“There are only five Black CEOs of Fortune 500 companies, and if you compare that to … the percentage of Black consumers, quite frankly, there's a huge discrepancy there,” said Libi Rice, keynote speaker at the fourth Diversity, Equity, Inclusion, and Belonging Summit hosted by Johns Hopkins Carey Business School.
Rice holds an MBA degree with a marketing concentration from the school and is vice president and chief communications officer of The Executive Leadership Council, an organization that develops Black executive leaders. Alex Triantis, dean of Carey Business School, interviewed Rice, one of many business leaders who spoke during the summit about the role of higher education and leadership development programs in addressing racial inequity in business and the hallmarks of successful Diversity, Equity, Inclusion, and Belonging (DEIB) initiatives.

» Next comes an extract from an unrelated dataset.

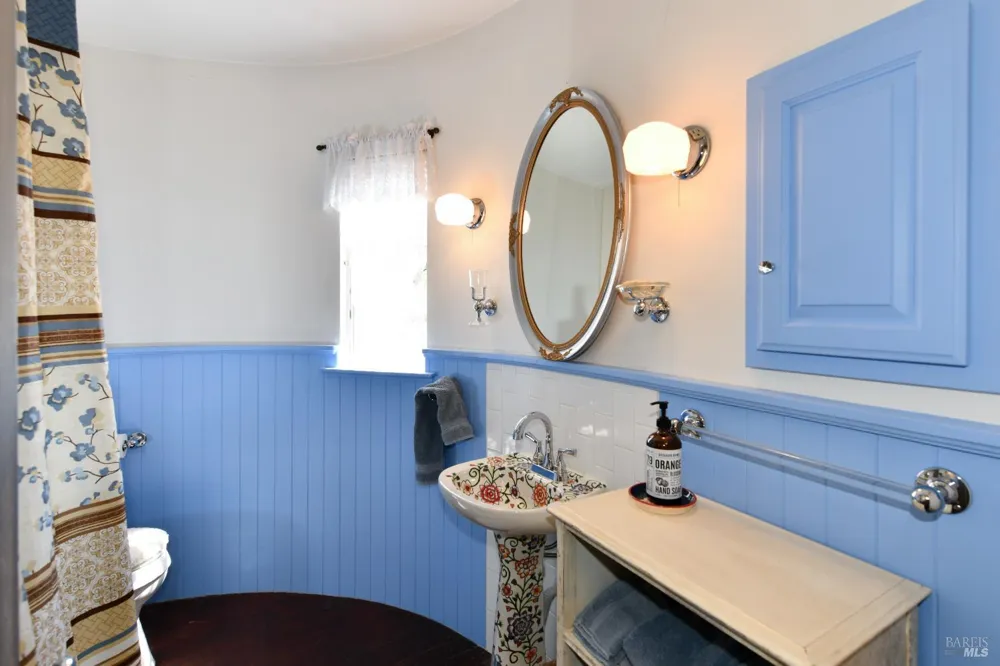 1313 Saint Helena Avenue Santa Rosa, CA 95404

The racial reckoning that began in 2020 after the murder of George Floyd shone a spotlight on advancement gaps for Black executives, with corporations moving quickly to change their hiring and promotion practices “more intentionally than they had in the past,” said Rice. Systemic obstacles remain, however, such as how to gain the profit and loss (P&L) experience that companies want for future leaders and board members. Rice cited a study that found “in the Fortune 500, only two percent of Black women had P&L responsibility.”